The Middletown Press (Middletown, CT)
Pier project could exceed $300 million
Cost increases from estimated $93 million
The state Port Authority is planning to request an additional $30 million in bonding to complete the state pier project, pushing the total cost to $300 million.
The goal of the state pier project is to upgrade the facility to accommodate a wind power hub servicing offshore wind farms that would bring power to Connecticut and the region.
The project was originally supposed to cost $93 million, but costs had already ballooned to $255.5 million before the state Port Authority voted Tuesday to ask the state for an additional $30 million.
Of that $255.5 million, $77.5 million has been borne by Eversource and Ørsted, the power companies that will run the windfarms and pier once they are built. That $77.5 million contribution will increase by $23.75 million, a bit more than half of the additional $47 million cost of the project.
The Port Authority will request the other half, $23.5 million, plus a $6 million contingency from the state.
“Of the additional $47 million, Ørsted and Eversource have agreed to contribute $23.75 million and we will be seeking the other half of $23.5 million from the state plus an additional 6.5 million for an owner’s contingency,” Port Authority Executive Director Ulysses Hammond told the Port Authority Board Tuesday.
That would bring the total cost of the state pier north of $300 million.
“No one has been able to explain to my satisfaction or the rest of the delegation’s satisfaction, how a $93 million project became almost a $300 million contract, nearly tripling in cost,” Rep. Holly Cheeseman, R-East Lyme, said Tuesday.
There is hope of recouping some of that cost, as Port Authority Executive Director David Kooris explained during an interview. NEO, which owns the offshore areas in which the wind farms will be built, will pay the state $2 million a year, and Gateway, which manages the state pier on behalf of the Port Authority, will pay back a portion of its revenue once the operation is up and running.
“In addition to that, it is our expectation that there will be times when Ørsted does not have an active wind project utilizing the facility,” Kooris said. “In those situations, they will seek out other wind developers to use the facility. If that does happen, we expect that there would
be significant revenue from that and so there’s a mechanism whereby we share that revenue with NEO.”
The first wind project, which had been expected to be operational this year, will consist of 12 turbines supplying energy to 70,000 homes on Long Island’s south fork. Two years later, another 65 turbines are expected to provide energy to 350,000 homes in Connecticut and Rhode Island. Another 84 turbines should go operational that year, providing energy to 600,000 homes in New York state.
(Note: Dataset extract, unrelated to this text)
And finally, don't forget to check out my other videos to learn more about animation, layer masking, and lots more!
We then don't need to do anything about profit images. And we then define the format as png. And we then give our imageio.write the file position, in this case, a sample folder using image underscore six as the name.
The state pier would act as a staging ground for all those projects during both construction and operation.
Cheeseman said that during a Tuesday morning call between the Port Authority and a bipartisan group of lawmakers
that “there were some general comments about difficulties, things that were unanticipated.”
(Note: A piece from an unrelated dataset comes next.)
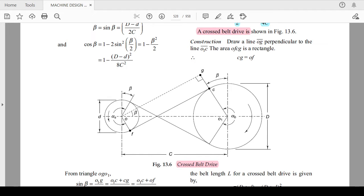Hello friends and my dear students, hope you are safe at your place — stay home, stay safe. As we have discussed about the open flat belt drive calculations and basic terminologies of belt drive in the previous session, today we are going to cover the cross belt drive calculations of length of belt.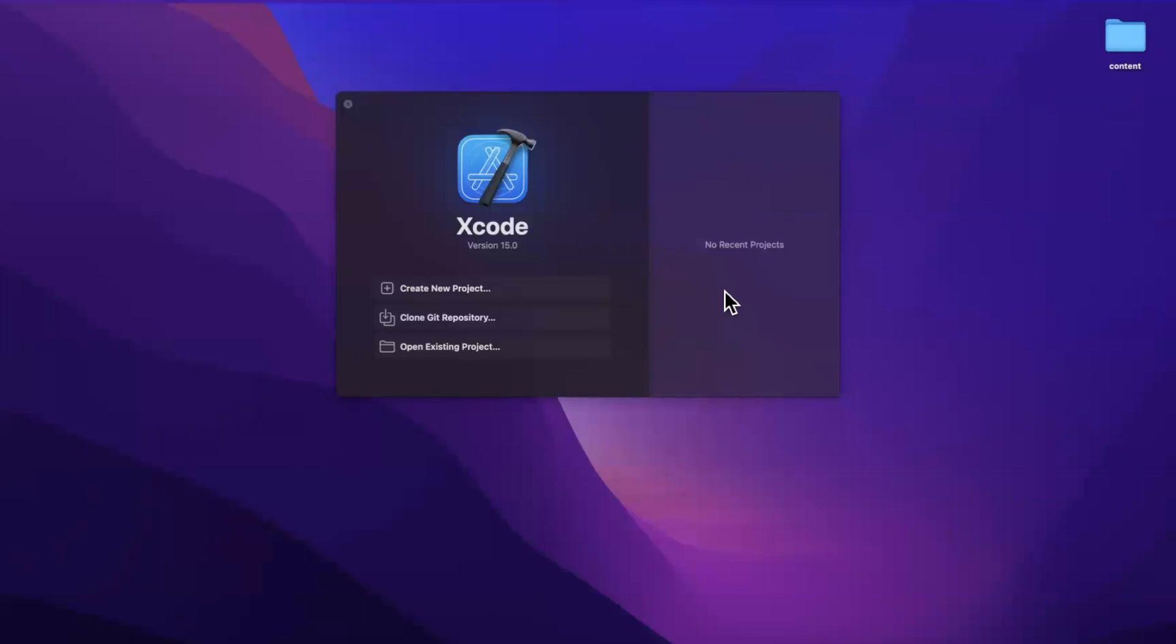What's going on guys, welcome back to another video. In today's video, we're gonna learn about the predicate macro in Swift 5.9 with Xcode 15.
Hammond said Tuesday that the cost increases were intended to cover work on a foundation wall, the pier’s heavy-lift platform, “and all of this work is scheduled to be completed by October, leaving only dredging in late fall.”
Eversource announced last week its intention to sell its share of the three offshore wind farms to Ørsted, but Kooris said “it has no bearing on us or our partnership.”
“We certainly view it as positive given Ørsted’s history in the industry and see no downsides associated with it whatsoever,” he told the board.
Seabury Maritime, a contractor on the project, was recently fined $10,000 by the Office of
State Ethics for undisclosed lobbying before the Connecticut Port Authority. It’s the second such fine imposed on Seabury in two years.
Seabury and the Port Authority are also reportedly the subject of a federal investigation into its 2018 selection of Gateway as manager of the pier on behalf of the Port Authority.
Seabury Capital, which owns Seabury Maritime, was paid $700,000, including a $523,000 “success” fee for choosing Gateway, three months after Henry Juan III of Greenwich, a managing director at Seabury, had resigned from the Port Authority board.
When asked earlier this year if he was concerned about the investigation, Hammond said, “We’re concerned but not constrained.”